### Entries provided:

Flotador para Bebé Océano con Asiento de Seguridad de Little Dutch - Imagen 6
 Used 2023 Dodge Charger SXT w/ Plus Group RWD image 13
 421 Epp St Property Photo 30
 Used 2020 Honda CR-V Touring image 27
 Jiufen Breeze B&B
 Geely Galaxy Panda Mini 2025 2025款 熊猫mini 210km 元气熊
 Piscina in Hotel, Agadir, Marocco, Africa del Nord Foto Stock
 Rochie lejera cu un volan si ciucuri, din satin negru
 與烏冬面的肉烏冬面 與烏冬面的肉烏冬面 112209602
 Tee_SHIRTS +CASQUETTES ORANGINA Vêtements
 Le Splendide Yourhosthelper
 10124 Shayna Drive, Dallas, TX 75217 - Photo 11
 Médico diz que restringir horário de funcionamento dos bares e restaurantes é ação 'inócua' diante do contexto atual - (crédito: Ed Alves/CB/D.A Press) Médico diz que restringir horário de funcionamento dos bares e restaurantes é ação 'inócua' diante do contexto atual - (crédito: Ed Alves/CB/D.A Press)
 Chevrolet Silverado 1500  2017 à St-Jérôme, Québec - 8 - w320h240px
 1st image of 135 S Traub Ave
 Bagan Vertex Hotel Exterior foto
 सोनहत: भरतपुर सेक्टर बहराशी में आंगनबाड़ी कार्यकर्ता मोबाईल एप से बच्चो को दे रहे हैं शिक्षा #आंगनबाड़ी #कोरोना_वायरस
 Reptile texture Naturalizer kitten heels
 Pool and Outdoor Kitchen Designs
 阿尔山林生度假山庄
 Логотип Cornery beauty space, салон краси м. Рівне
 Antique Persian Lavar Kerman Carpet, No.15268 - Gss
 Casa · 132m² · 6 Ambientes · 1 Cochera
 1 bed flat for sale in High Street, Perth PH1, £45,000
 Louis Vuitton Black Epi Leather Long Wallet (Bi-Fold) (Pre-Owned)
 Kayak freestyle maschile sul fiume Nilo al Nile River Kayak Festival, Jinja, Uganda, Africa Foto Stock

### What needs to be done:
In the lines above, spot each one that contains the word "Used" and copy it.

### Task output:
 Used 2023 Dodge Charger SXT w/ Plus Group RWD image 13
 Used 2020 Honda CR-V Touring image 27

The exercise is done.